Bio
Johannes Hoffart is a Senior Research Scientist in the Goldman Sachs R&D AI group, working on natural language understanding and knowledge bases in the financial domain. He received his PhD from the Max Planck Institute for Informatics in the area of artificial intelligence (AI), specifically knowledge base construction, entity linking, and entity discovery. During his PhD he stayed at the Google Research group in Zurich. He is one of the creators of the YAGO knowledge base as well as the AIDA entity linking system, two of the most cited publications in their respective fields. He published numerous papers and articles at renowned conferences and journals in the areas of Artificial Intelligence, Natural Language Processing, and Semantic Web. He won the AI Journal prominent paper award as well as the Web Conference best demo award for works on YAGO.
After his PhD and before joining Goldman Sachs R&D, Johannes Hoffart co-founded Ambiverse and became its CEO, spinning off his research work and developing bleeding edge AI solutions for financial, automotive, media, and tech companies. During his computer science studies he co-founded a software company developing a widely used tag-based file management application for macOS, Punakea.

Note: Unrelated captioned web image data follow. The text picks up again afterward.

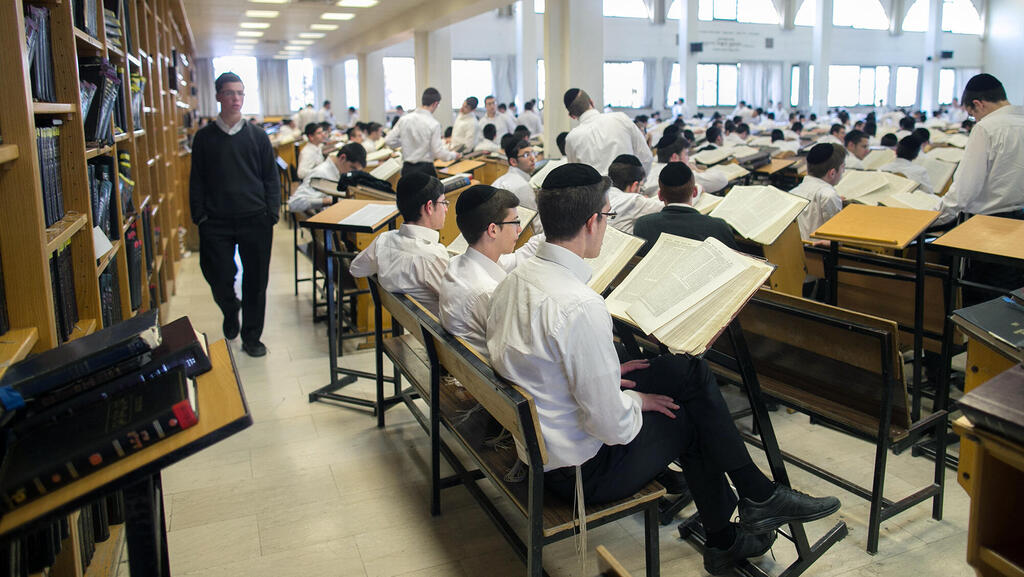 ישיבת חברון בגבעת מרדכי ירושלים. "ממשלה רקובה, שלא סופרת את האזרחים למען שוחד פוליטי" (צילום: אוהד צויגנברג) תלמידי ישיבה חרדים לומדים ב ישיבת חברון ב גבעת מרדכי ירושלים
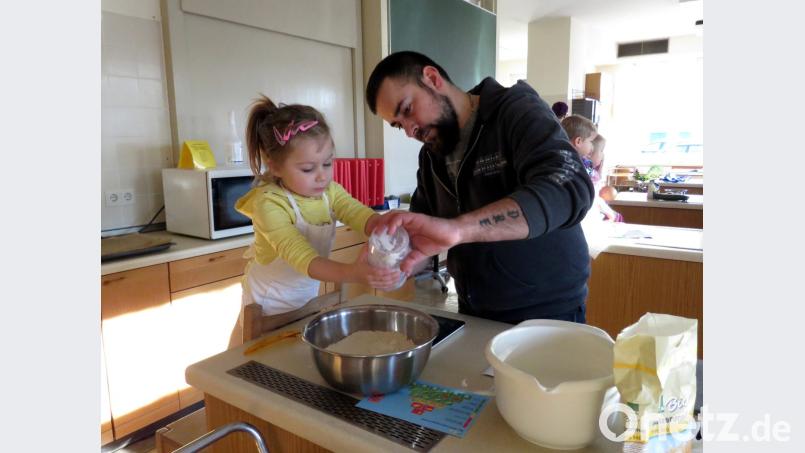 Wenn es kompliziert wurde, griffen die Papis helfend ein. Bild: ubb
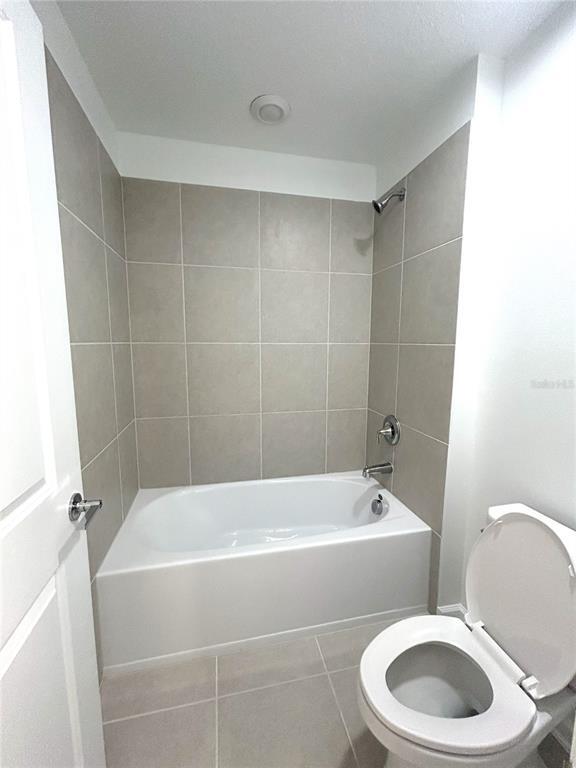 Building Photo - 5683 Ficus Aurea St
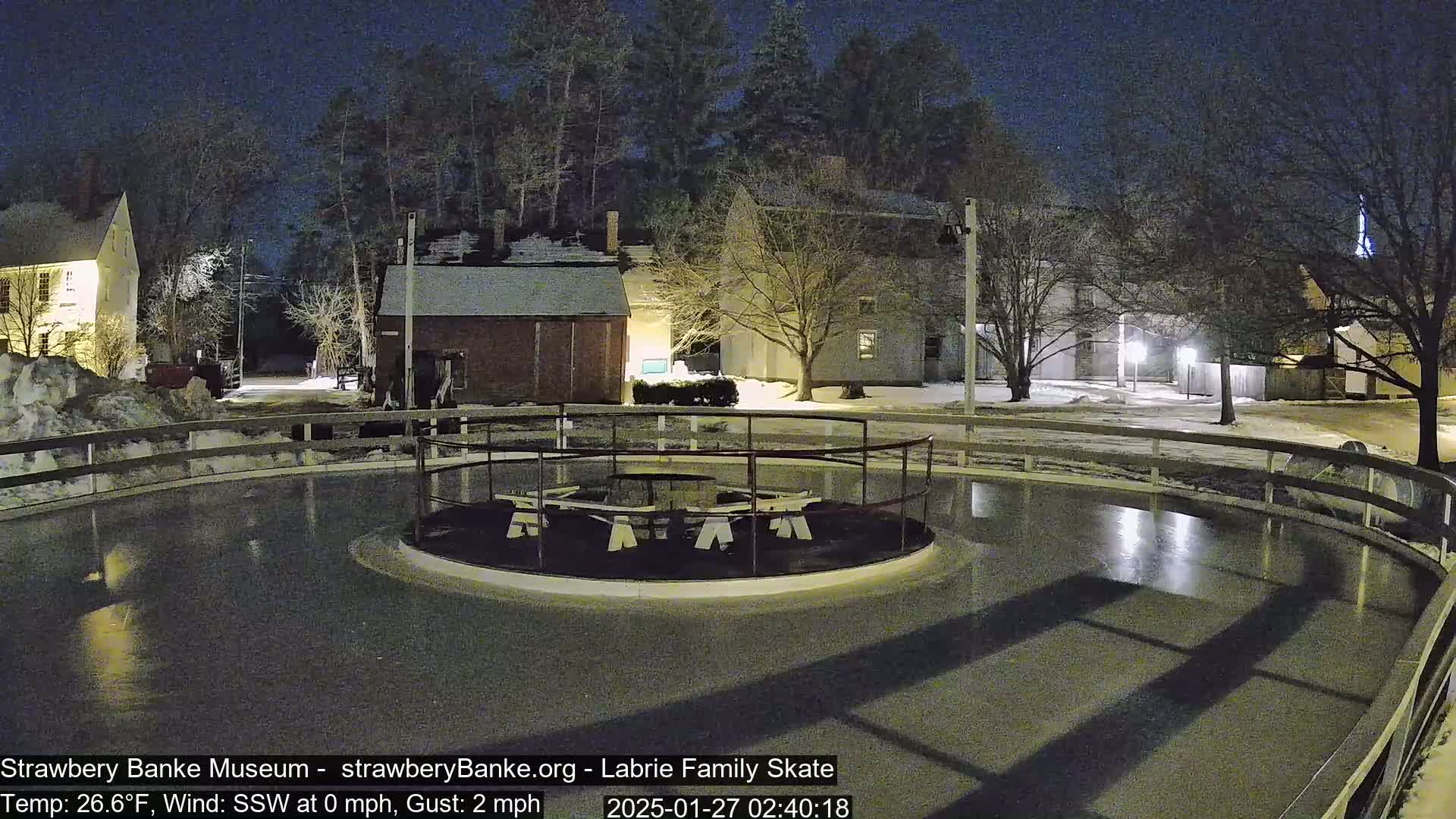 Fire Pit Porsmouth Ice Skating Live Cam -  New Hampshire, USA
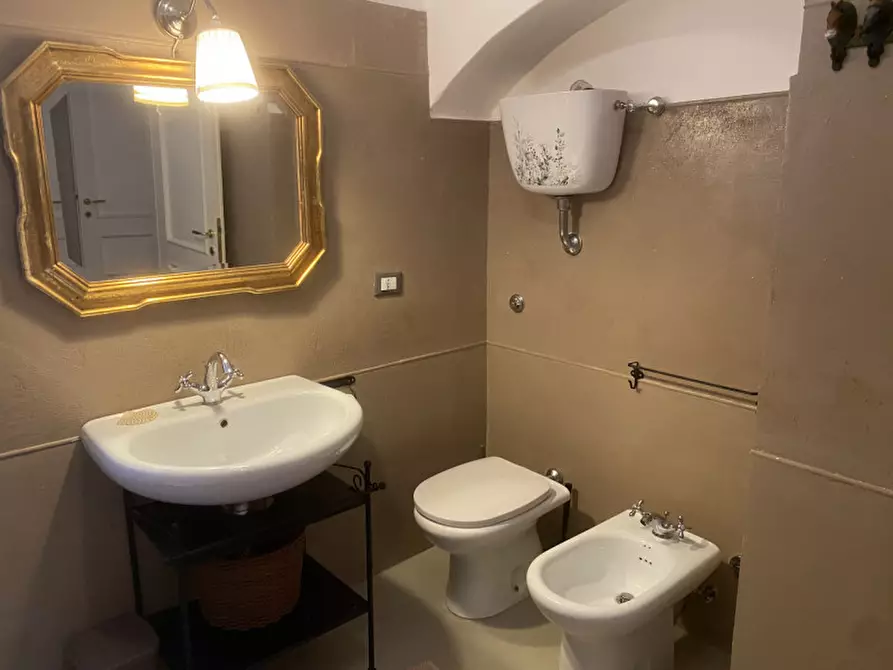 Immagine 20 di Appartamento in affitto  in Piazza Jacopo da Varagine a Genova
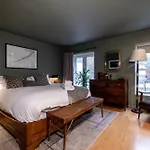 Vakantiehuis Enchanting Clifton Retreat With Patio Garden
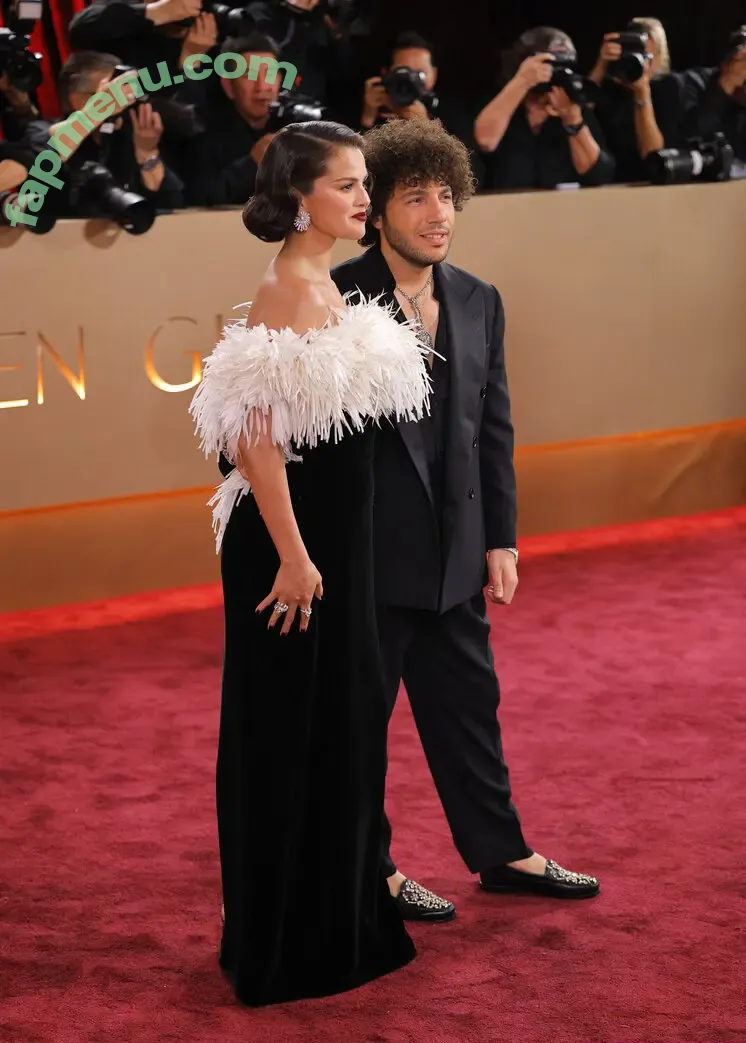 Selena Gomez nude photo #0558 (Selena / selena.gomez / selenagomez)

Keynote: Rich Text, Lean Knowledge Bases: Knowledge Extraction from Financial Documents
Knowledge extraction in the financial domain needs to deal with a large variety of documents. Each of these documents contains critical, often legally binding information. One could almost claim that the financial industry does actually not run on numbers, but on documents! The language in the financial domain comes with extra dimensions that knowledge extraction methods need to cope with (and should benefit from): long documents with hundreds of pages, containing deeply nested structure with many visual cues, dense intra- and inter-document links, and with frequent edits and updates. The first step of extracting knowledge is often the identification of legal entities and concepts, which crucially depends on the type of the document and the kind of knowledge to be extracted and requires highly flexible entity linking methods. The presentation will show initial results of knowledge extraction from finance-related documents, as well as open research questions, highlighting the extra dimensions of financial document types and shortcomings of many current entity linking methods.